# TASK:
Return the stretch from the line with "Toocki USB-A auf" through the line with "Jeweled-Accent Purple Rhombus" in the data below, character for character, skipping all pictures.

# RECORDS FOR THIS TASK:
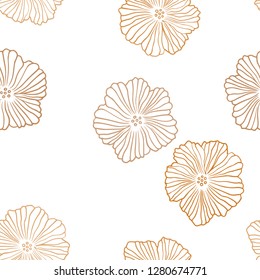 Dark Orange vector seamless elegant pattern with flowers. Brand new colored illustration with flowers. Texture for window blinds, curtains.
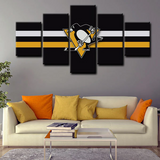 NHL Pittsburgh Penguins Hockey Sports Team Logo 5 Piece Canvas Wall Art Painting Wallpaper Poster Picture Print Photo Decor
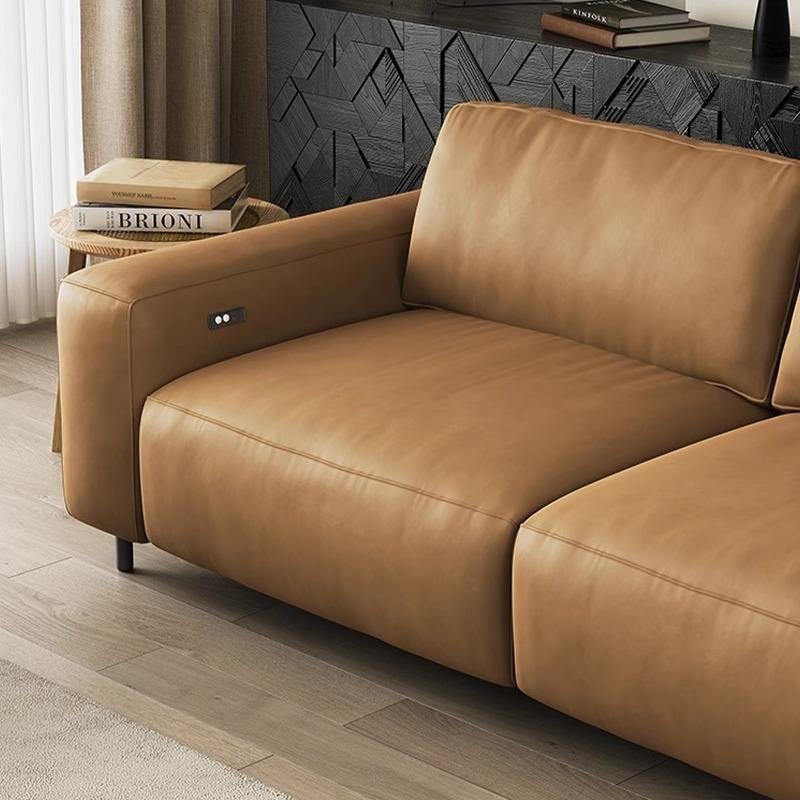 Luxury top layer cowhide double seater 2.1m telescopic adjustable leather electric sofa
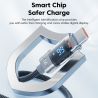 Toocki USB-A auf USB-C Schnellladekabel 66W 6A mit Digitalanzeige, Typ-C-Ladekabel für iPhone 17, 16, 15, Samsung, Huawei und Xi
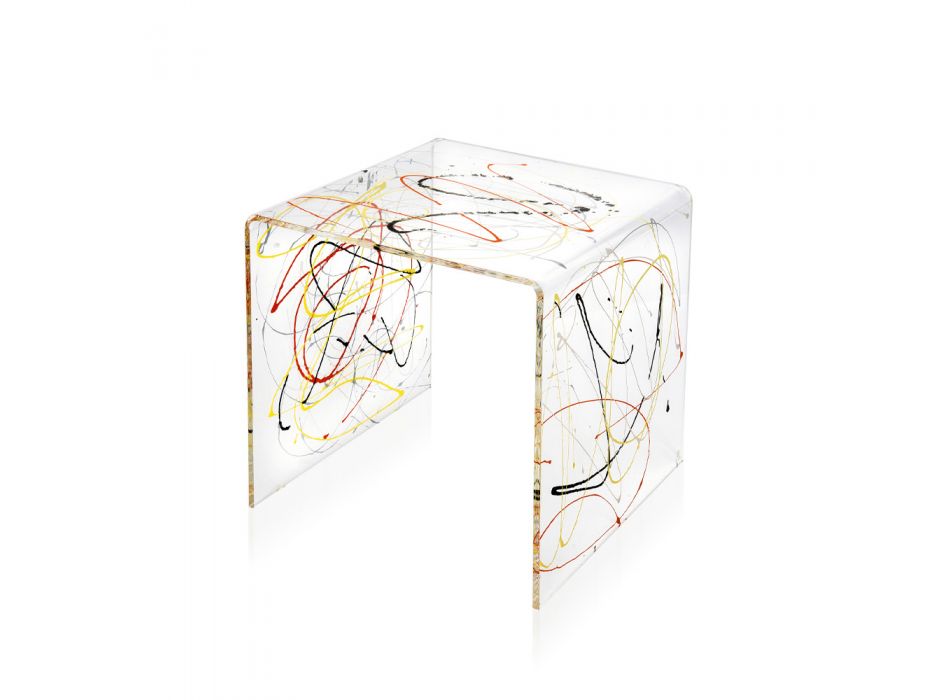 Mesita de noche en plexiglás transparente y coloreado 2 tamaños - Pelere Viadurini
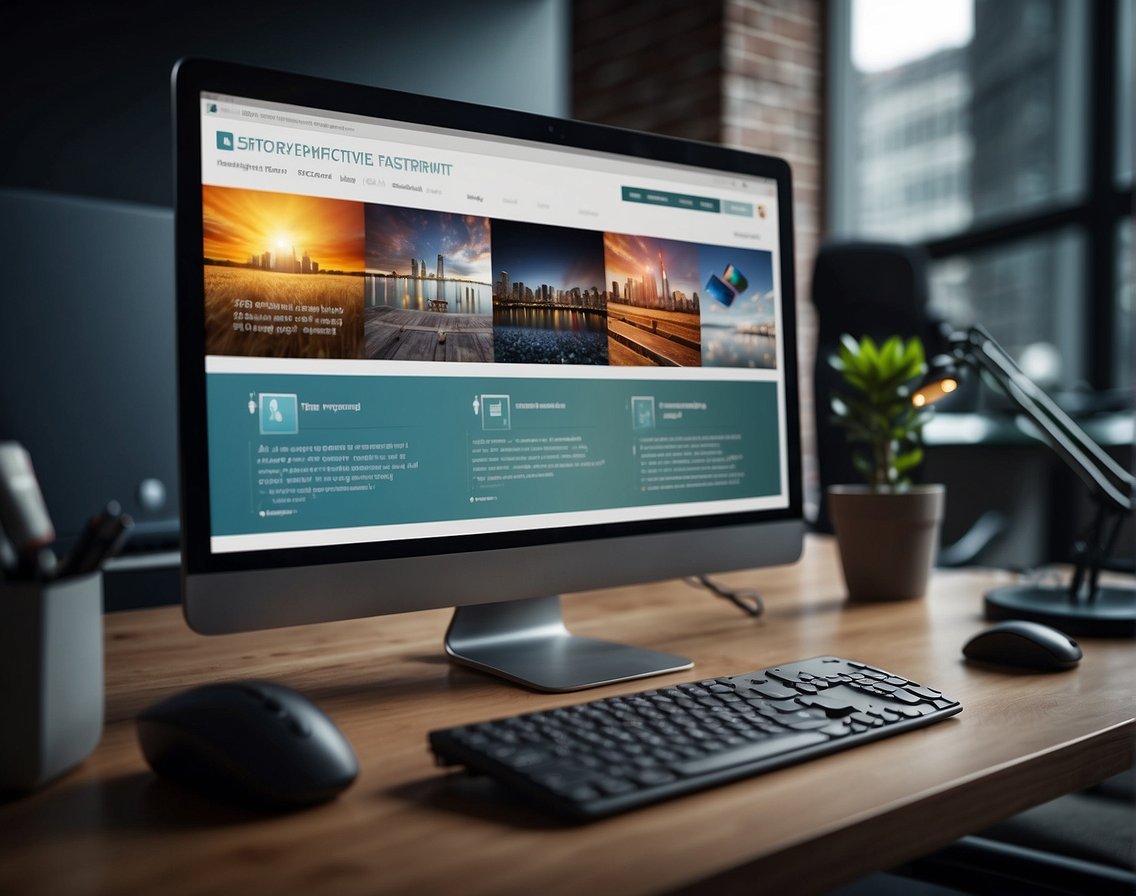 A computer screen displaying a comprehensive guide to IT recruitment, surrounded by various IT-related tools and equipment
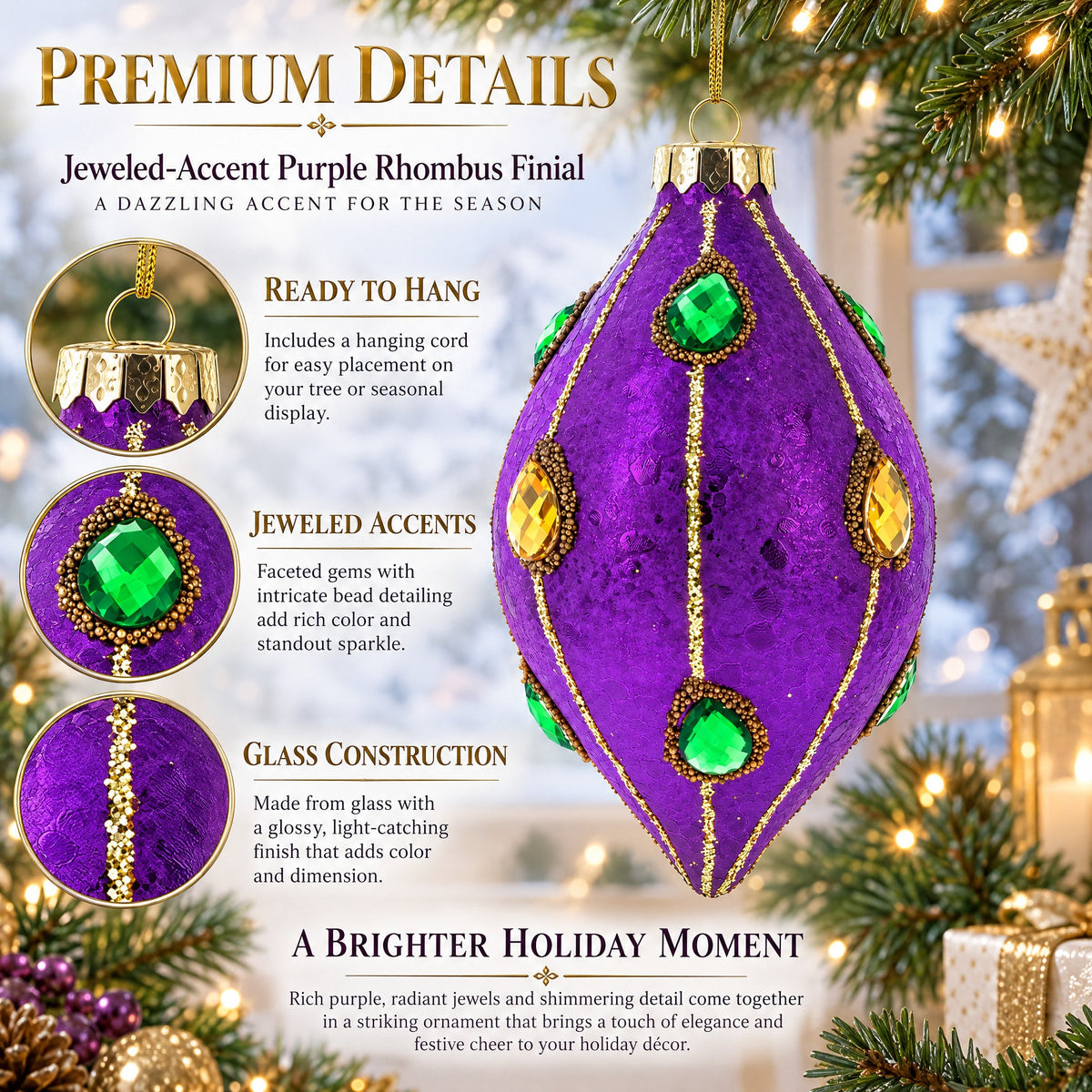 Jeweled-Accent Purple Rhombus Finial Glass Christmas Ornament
==
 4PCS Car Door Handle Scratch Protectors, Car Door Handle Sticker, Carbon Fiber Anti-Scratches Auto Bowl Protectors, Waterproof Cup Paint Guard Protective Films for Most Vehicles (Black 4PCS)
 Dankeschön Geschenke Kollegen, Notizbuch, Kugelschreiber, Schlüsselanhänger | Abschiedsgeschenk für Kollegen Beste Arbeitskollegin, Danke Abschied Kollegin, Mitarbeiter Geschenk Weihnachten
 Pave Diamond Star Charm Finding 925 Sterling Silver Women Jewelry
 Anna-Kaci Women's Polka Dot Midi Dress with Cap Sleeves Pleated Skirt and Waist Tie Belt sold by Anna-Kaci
--
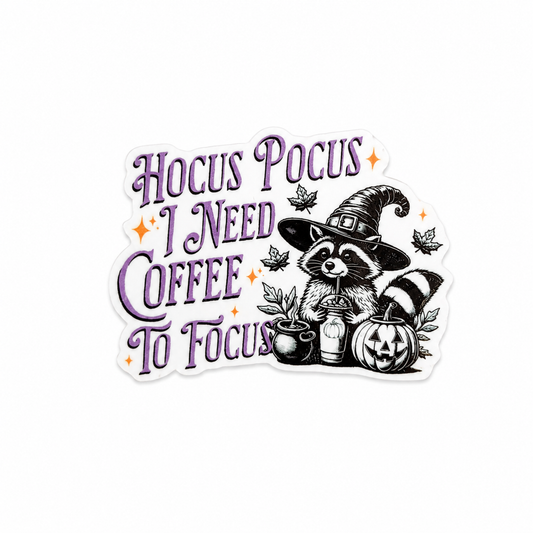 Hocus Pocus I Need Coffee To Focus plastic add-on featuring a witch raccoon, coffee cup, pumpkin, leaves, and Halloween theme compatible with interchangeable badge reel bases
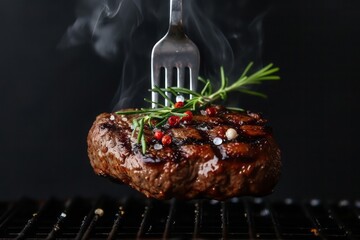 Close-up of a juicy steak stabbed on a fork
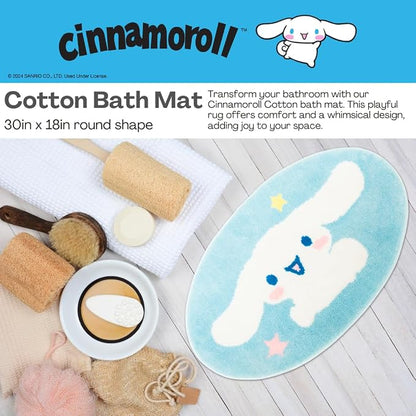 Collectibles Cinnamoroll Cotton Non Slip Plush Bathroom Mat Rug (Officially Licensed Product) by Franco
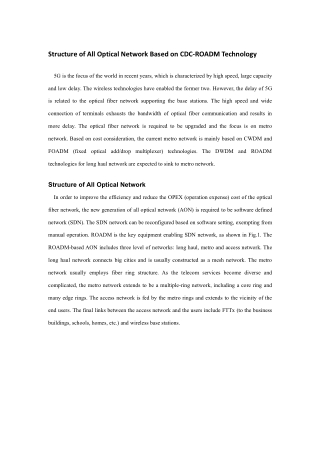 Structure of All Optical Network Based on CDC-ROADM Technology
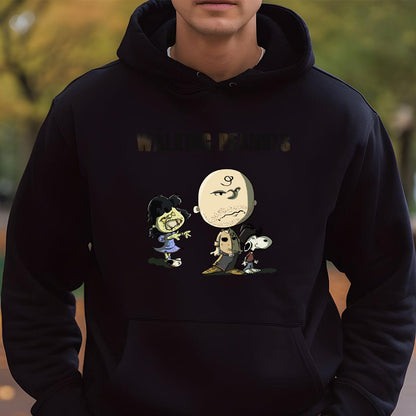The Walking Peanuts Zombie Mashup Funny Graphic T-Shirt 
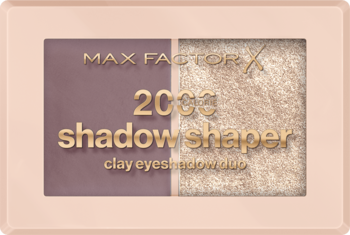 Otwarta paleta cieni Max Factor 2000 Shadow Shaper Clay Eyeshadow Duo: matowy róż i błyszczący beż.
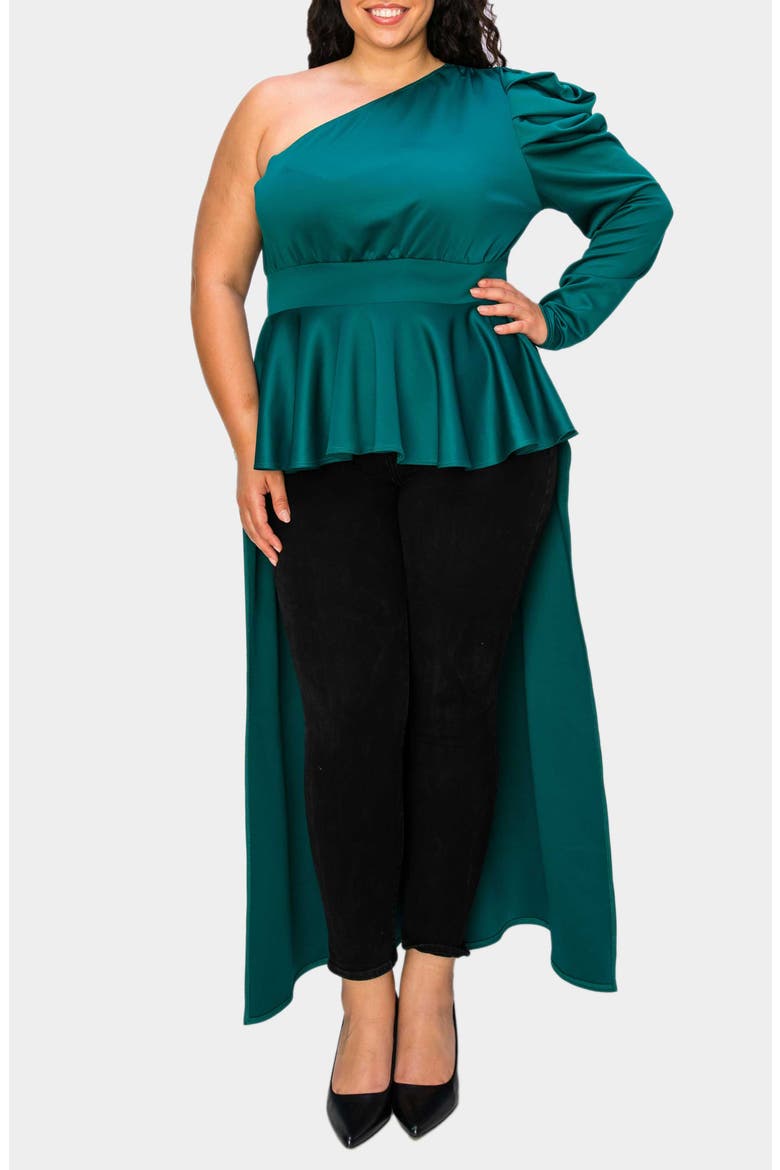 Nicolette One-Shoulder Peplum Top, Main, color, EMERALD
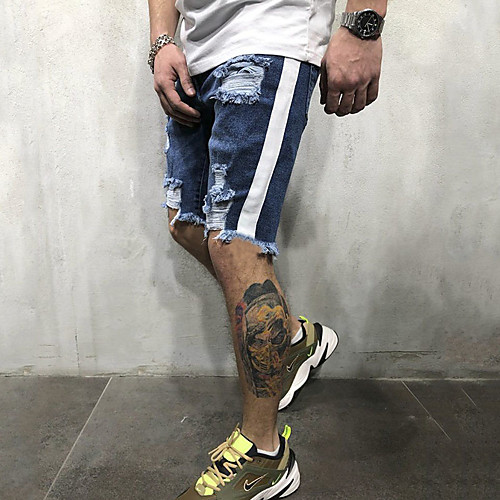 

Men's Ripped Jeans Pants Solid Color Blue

# REPLY:
 Toocki USB-A auf USB-C Schnellladekabel 66W 6A mit Digitalanzeige, Typ-C-Ladekabel für iPhone 17, 16, 15, Samsung, Huawei und Xi
 Mesita de noche en plexiglás transparente y coloreado 2 tamaños - Pelere Viadurini
 A computer screen displaying a comprehensive guide to IT recruitment, surrounded by various IT-related tools and equipment
 Jeweled-Accent Purple Rhombus Finial Glass Christmas Ornament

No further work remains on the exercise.